In erythrocytes, the extrusion of a cell sodium load is accomplished by the ouabain-sensitive sodium-potassium pump and by the furosemide-sensitive sodium-potassium cotransport, which operate against the passive sodium permeability. The precise characterization of these transport pathways requires the determination of the turnover rates of cation translocation and the affinities for substrates and effectors. The preliminary results of such kinetic study in essential hypertension is reported here. An abnormally low rate of net sodium extrusion by the sodium-potassium co-transport system was observed in essential hypertensive patients and in a high proportion of their young normotensive offspring. A normal cotransport system found in secondary hypertensive subjects devoid of familial history of hypertension confirmed that the abnormal cotransport system is not the consequence of high blood pressure per se. At the molecular level, the cotransport abnormality seems to be consecutive to a diminished apparent affinity for intracellular Na+. A 20-40% increase in the rate of net sodium extrusion by the sodium-potassium pump seems to compensate for the abnormal cotransport in erythrocytes from some young normotensive subjects born of essential hypertensive parents and from some benign essential hypertensive subjects.

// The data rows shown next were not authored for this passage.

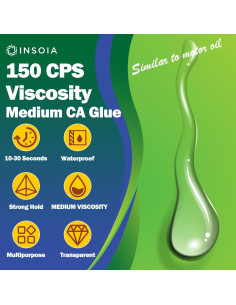 Pegamento CA Medio INSOIA 20g Adhesivo Cianoacrilato Rápido 2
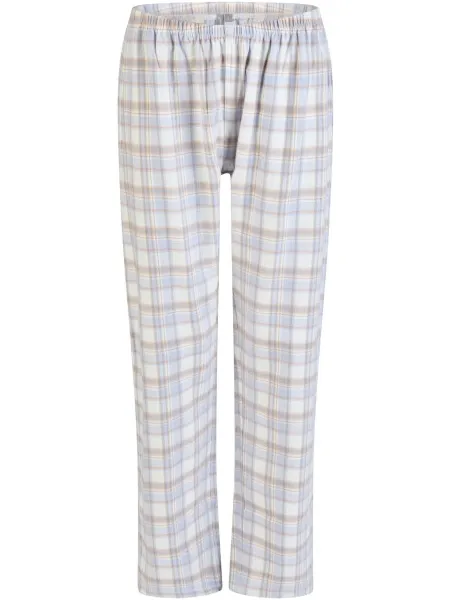 By Louise Dames pyjamabroek flanel geruit blauw/wit Veelkleurig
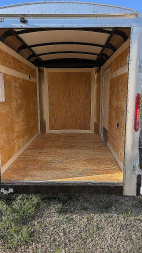 New 2025 Homesteader 5x8 Challenger Cargo Trailer w/ Single Barn Door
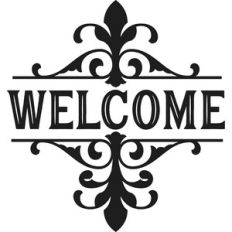 Elegant Welcome Sign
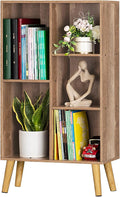 5 Cube Small Bookshelf - 3 Tier Mid-Century Modern with Legs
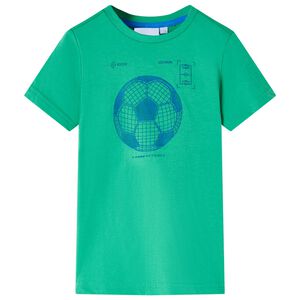 Camiseta infantil verde ne&oacute;n 104
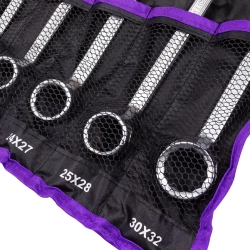 Ключи накидные, отогнутые на 75град., набор 12пр. (6х7, 8х9, 10х11, 12х13, 14х15, 16х17, 18х19, 20х22, 21х23, 24х27, 25х28, 30х32мм) Помощник 5128P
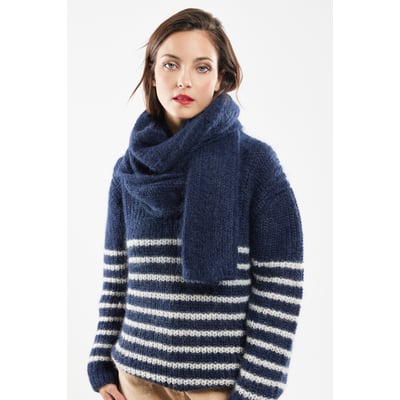 Écharpe Dean en mohair TERRE & MER
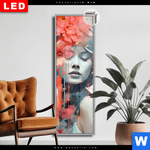 Leuchtbild Dia Jolanda Frau Mit Blumen Im Haar Schmal Produktvorschau mit dem Bild Jolanda - Frau mit Blumen im Haar im Format Schmal.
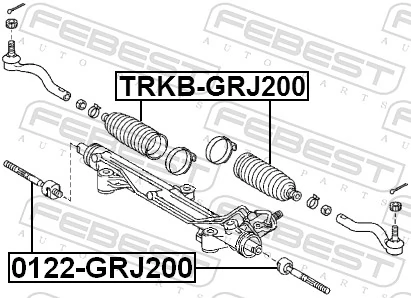 TRKBGRJ200 Febest Пильник рульової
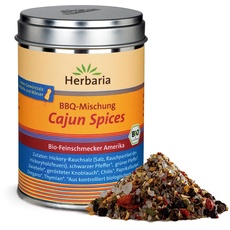 Bild von Cajun Spice bio 80g M-Dose – fertige Bio-Gewürzmischung für die französisch inspirierte Cajun-Küche – BBQ-Gewürz – Grillgewürz – mit erlesenen Zutaten – in nachhaltiger Aromaschutz-Dose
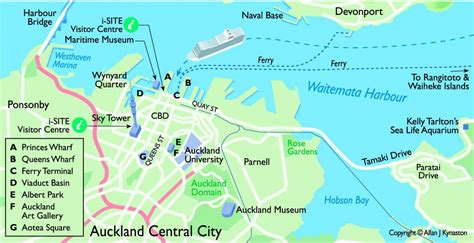 Auckland Cruise Port Map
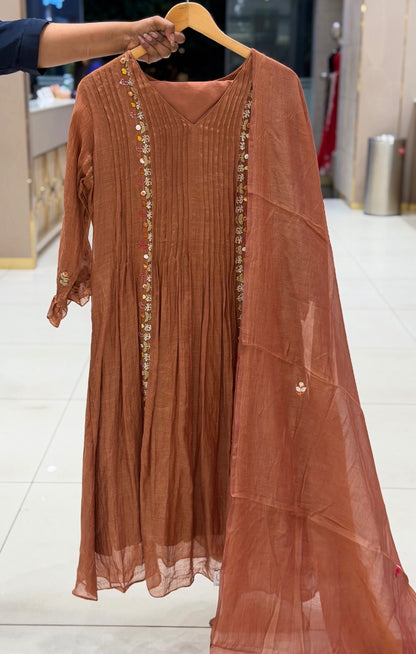PARTY WEAR TOP,BOTTOM AND DUPATTA - IHA 35423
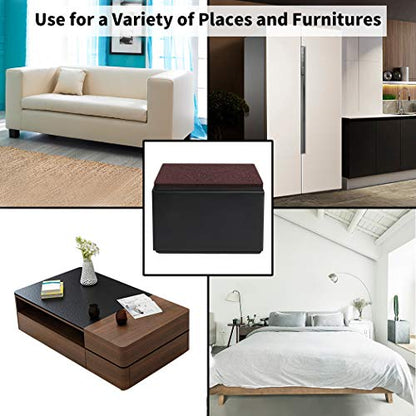 Ezprotekt 2" Bed and Furniture Risers Heavy Steel Sofa Table Dresser Risers - color: Black, size: 2" x 3.15"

No difference could be detected between the passive sodium permeability of erythrocytes from hypertensive subjects and normotensive controls. In conclusion, essential hypertension seems to be associate with an inherited defect in the apparent affinity for intracellular Na+ of the sodium-potassium cotransport system. We propose therefore the laboratory study of this system for (i) the distinction between essential and secondary hypertension and (ii) the preventive investigation of young normotensive subjects in hypertensive families.